Last Updated Jul 29, 2011 11:43 AM EDT
"The phrase I hear ad nauseam, to my absolute dismay, from aspiring young entrepreneurs around the world is, 'if we just get 1% of the market, we will be a [insert insane, improbable, nearly impossible, profoundly unrealistic valuation here] company.'
I wish I could physically hit people with a textbook or other blunt object every time I hear this phrase. But I don't think that's legal in most places. Perhaps, then and only then, would young people listen the first time around -- and think twice about saying those hideous words ever again.
My first venture was an utter failure -- mainly because we worried too much about what others 'wanted to hear' or 'needed our business to be' rather than executing the tasks at hand and focusing on real revenue generation.

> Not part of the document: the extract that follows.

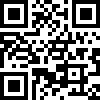 https://khabaronline.ir/xdZrm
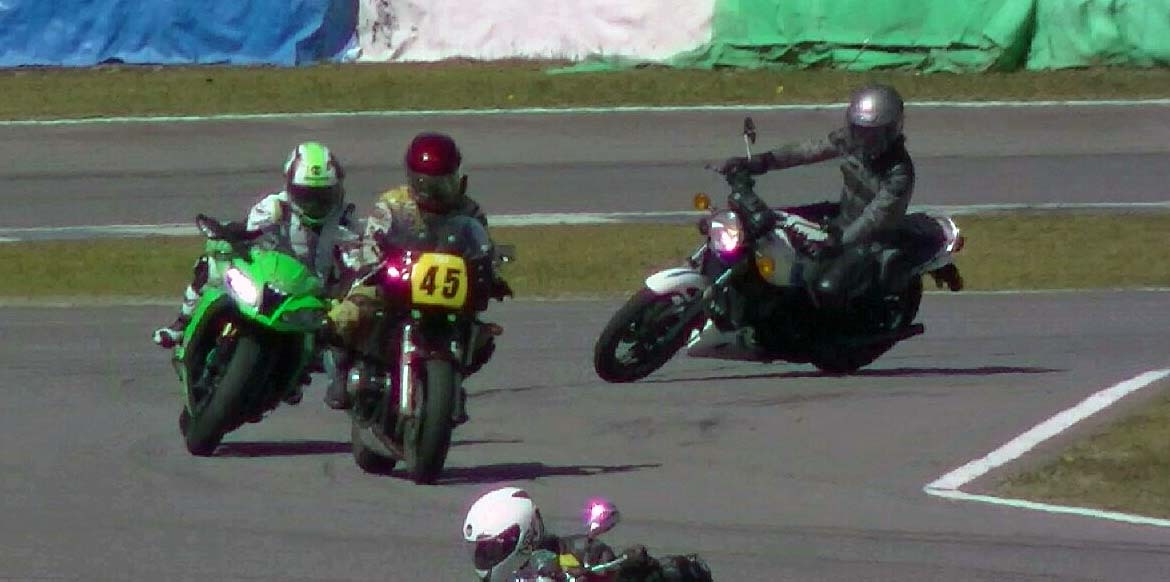 a0339187_19554442.jpg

Bottom line: If the business had been successful, money would not only have been easier (and more realistic) to obtain, but also might have come to us. That's why I always tell young people to avoid investors -- or pitching for investment -- as long as you can until you have your house in order. Otherwise, trying to raise money could just have the adverse effect of its intention and bankrupt the company.
Track record, proof of concept, and management are all I want to hear young people say when they pitch for investment. Leave the hypothetical nonsense and the 'things you think you need to say to an investor' at the door. Investors can tell how seasoned and ready you are based not only on the business you run, but on the words you speak."